The reading from Luke is the Parable of the Pharisee and the Tax Collector going to worship God. To me the big difference in the two as they are in the temple is a very different attitude in how they approach the divine. Psalm 32 again speaks to me about attitude, “acknowledged my sin,” and “I will confess my transgression to the Lord,” and then the answer possibly from God “I will instruct and teach you the way you should go.” The theme of acknowledgement / attitude again reaches to me in the Psalm 143 in “thoughtful on your works and consider what your hands have done.” The thought of discipline again comes down in my mind to attitude. When I am corrected, or in a challenging situation will I look for the learning and message, or will I have a Pharisee attitude? When I look up ‘discipline’ the following major subgroups come to light; regulation (n), punishment (n), punish (v), self-control (n), instruct (v), subject (n). How do I view this ‘discipline’ and the antonym ‘chaos’ in my life as related to the love of God?
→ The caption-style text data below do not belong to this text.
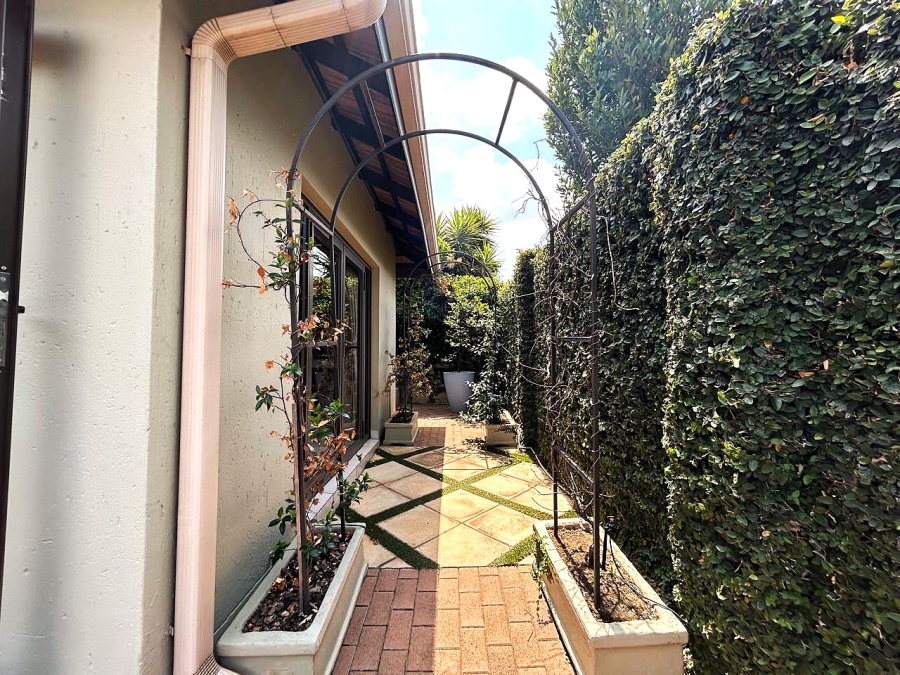 4 Bedroom Property for Sale in Midstream Estate Gauteng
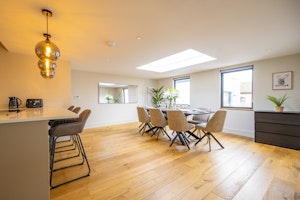 Henley Hideaway image 6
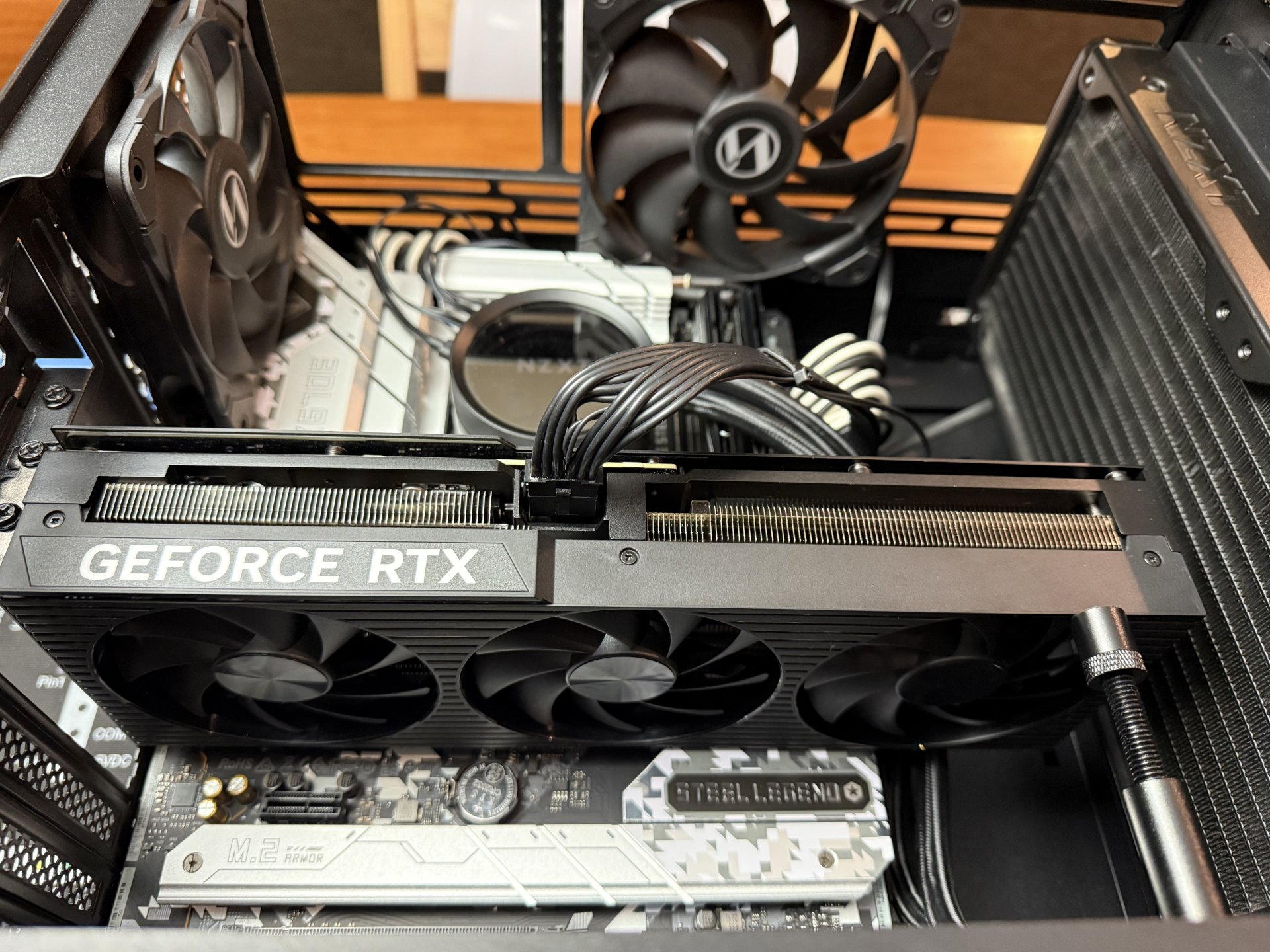 PCIe x8 4.0 on X670E ASRock Steel Legend + 9800X3D + RTX 4070 Ti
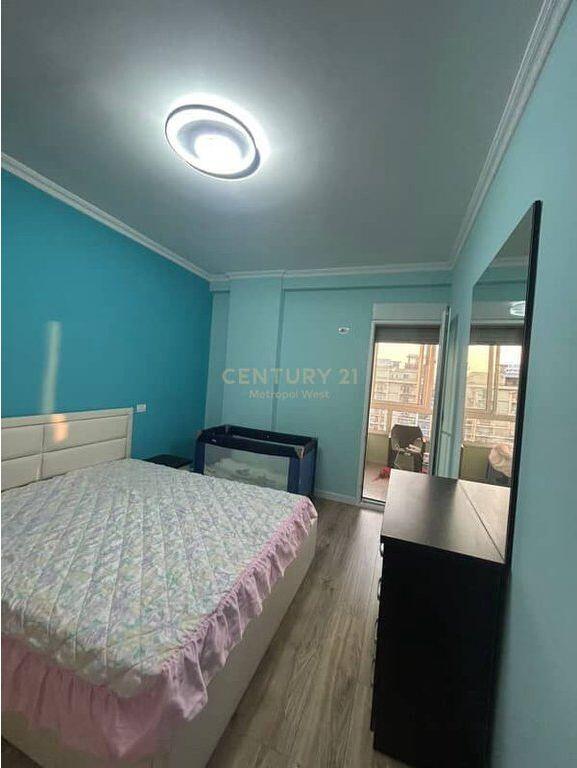 Shitet Apartament 1+1 te Shkëmbi i Kavajës, Durrës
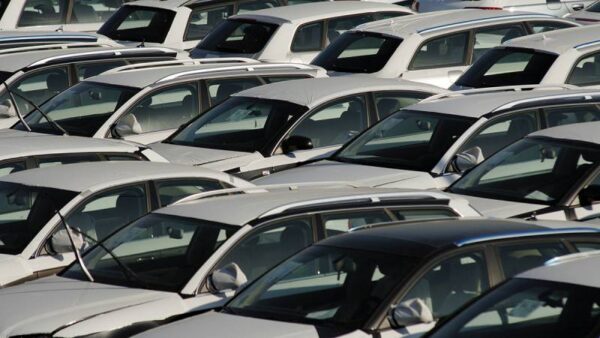 Entregas de automóveis na Europa avançam 7% em abril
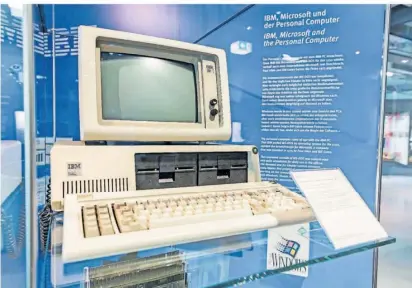  ?? FOTO: MAGEL/HNF/DPA ?? Vor 40 Jahren fiel der Startschus­s für die massive private Nutzung von Computern.
Die Internatio­nal Business Machines Corporatio­n – kurz IBM – kündigte am 12. August 1981 ihren „Personal Computer Model 5150“an.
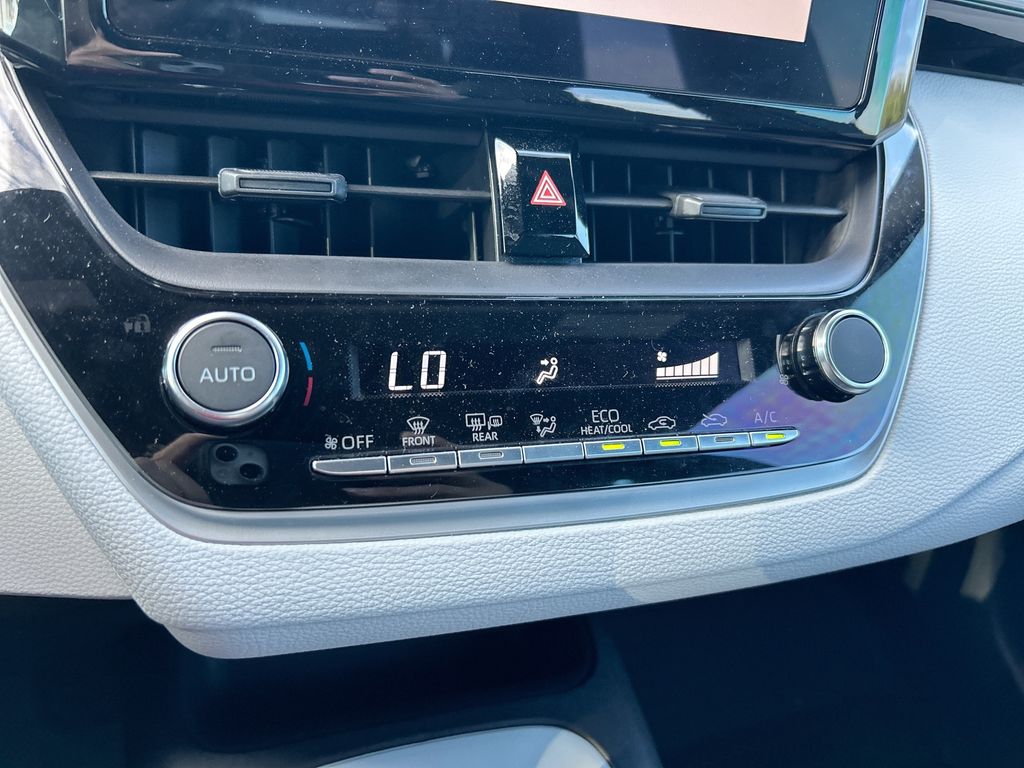 Thumbnail: 2026 Toyota Corolla - 25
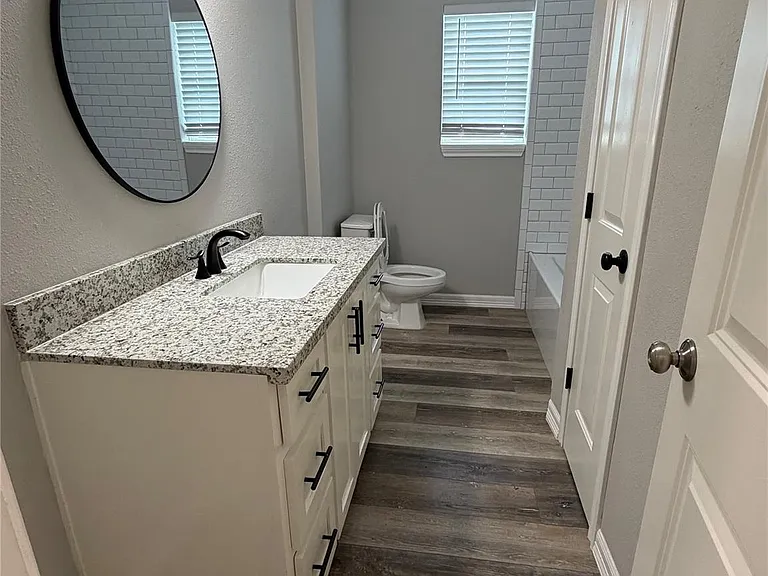 2418 Tinechester Dr — Photo 12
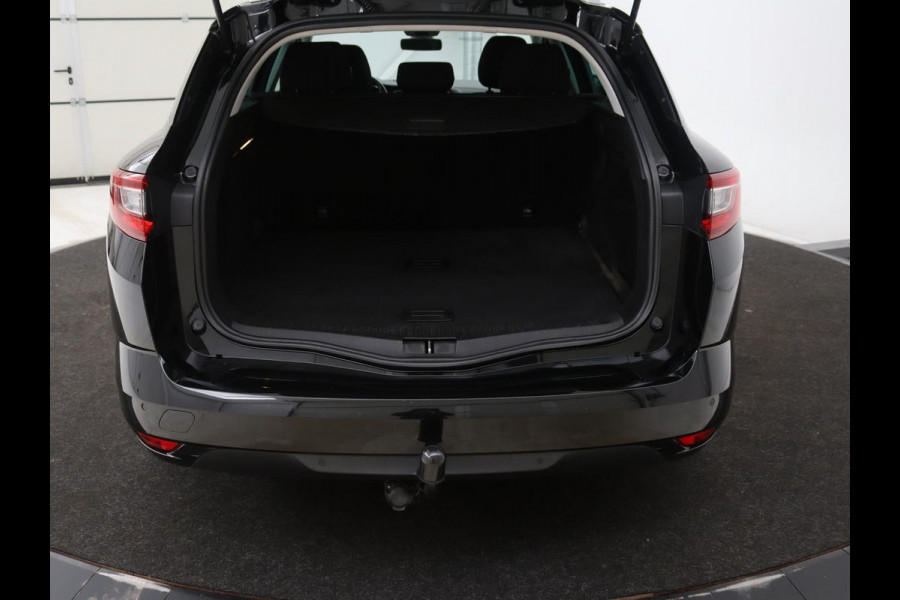 Renault Mégane 1.2 TCe Zen | Trekhaak | Navigatie | Climate control | Cruise control | Bluetooth | Parkeerhulp | Getint glas | DAB | LED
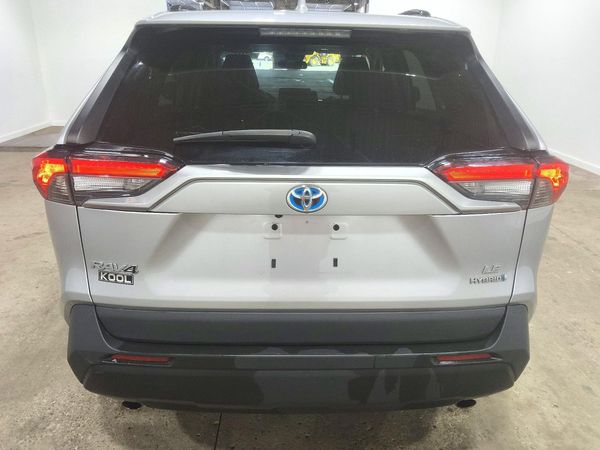 2021 TOYOTA RAV4 LE HV — DIRR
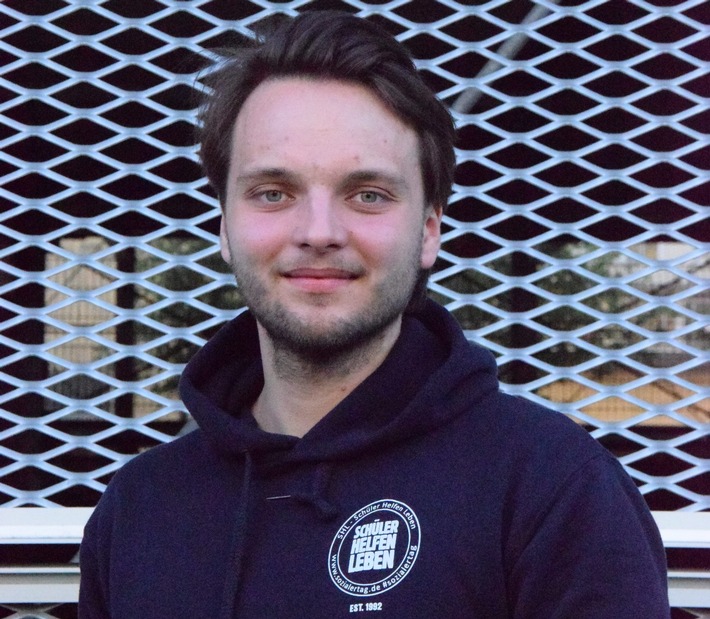 Mats Blunck aus Neumünster startet mit Schüler Helfen Leben Corona-Spendenaktion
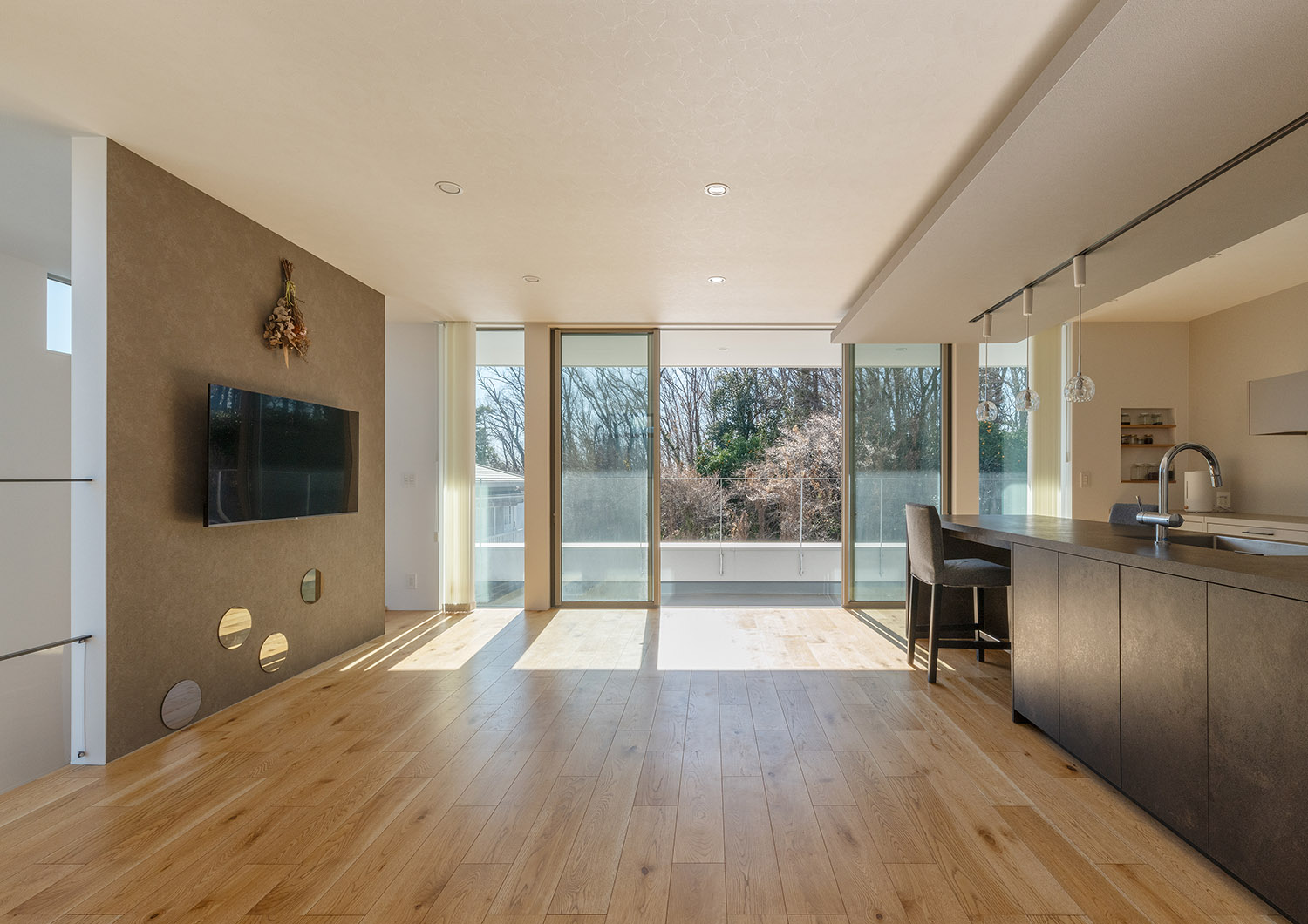 緑が見える大きな窓から光が入るシンプルなLDK・デザイン住宅 注文住宅・デザイン住宅建築実例_『CASE775 二色の陽射し』_LDK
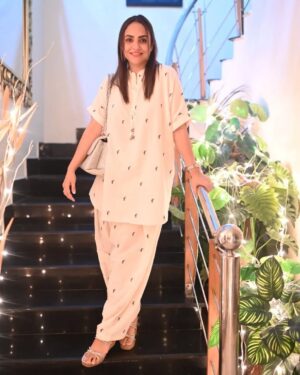 Nadia Khan Instagram - Thank you so much @ieshalworld wonderful Sahoor night .. you are a perfect host and a darling friend whose friendship is soooo special.. And the honestly the best food i ever had an event ... compliments to the caterers ... And what a treat meeting my darling @hina.dilpazeer.khan.0fficial and @sana_fakhar ... @asadjabalofficial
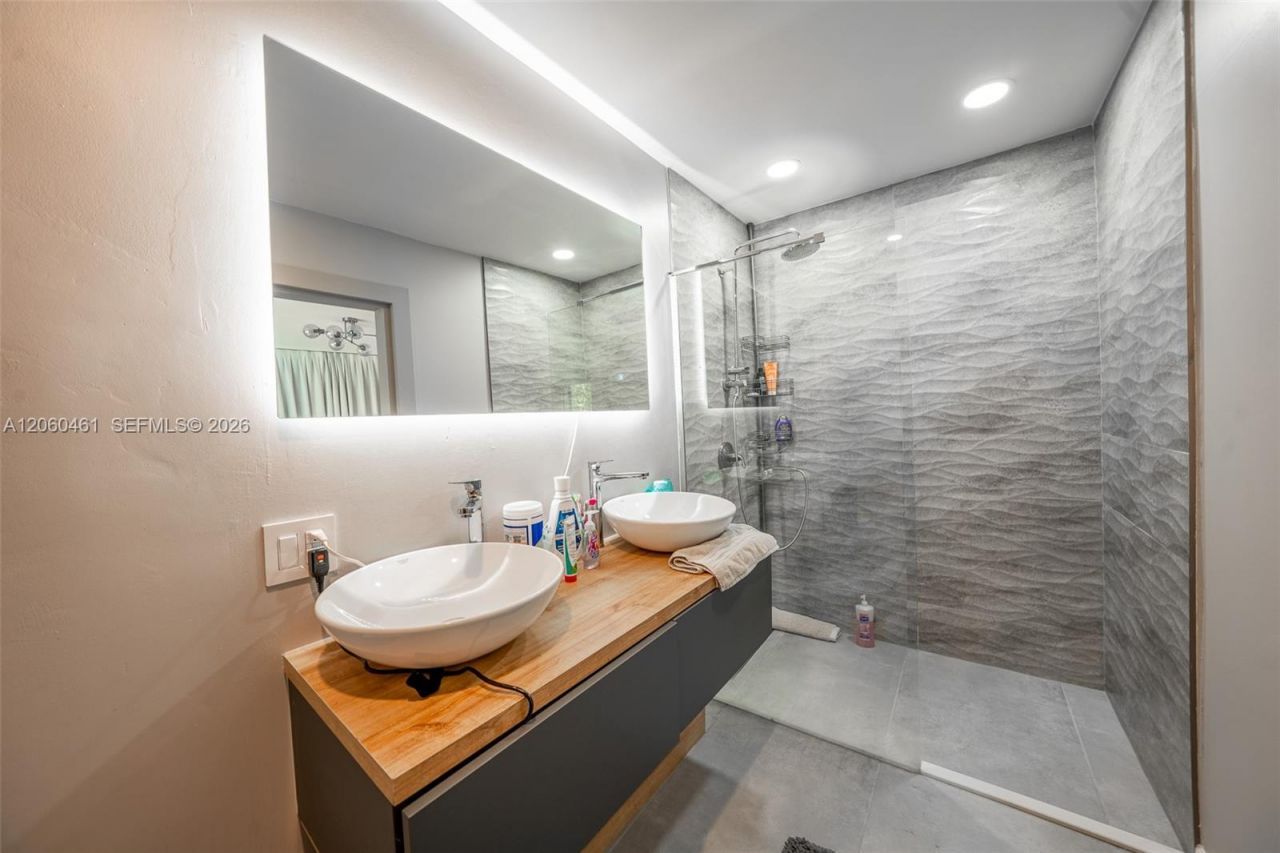 1221 W Camino Real , Unit 1221, Boca Raton, FL 33486 Photo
With the questions in my mind regarding my attitude in different situations, I then read the appointed Old Testament reading of Jonah. I do not understand Jonah’s attitude about Nineveh. Why was he mad about them repenting and turning to God? Was that not what he had been preaching? Did he think he was such a bad speaker that he could not convince them of the error in their current way of living? Was he jealous that God cared for these people? My mind returns to the questions of my personal perspective and outlook. How do I approach the tasks that I have been given from God? Am I utilizing the gifts He has provided? Where do I place myself as judge? I will work especially this Lenten season to be aware of my own viewpoint, and try to be open to the discipline of God that shows me how I need to go to do His will. Christ shows me the way, He is my example. Come Lord Jesus, lead my heart and mind to do God’s will.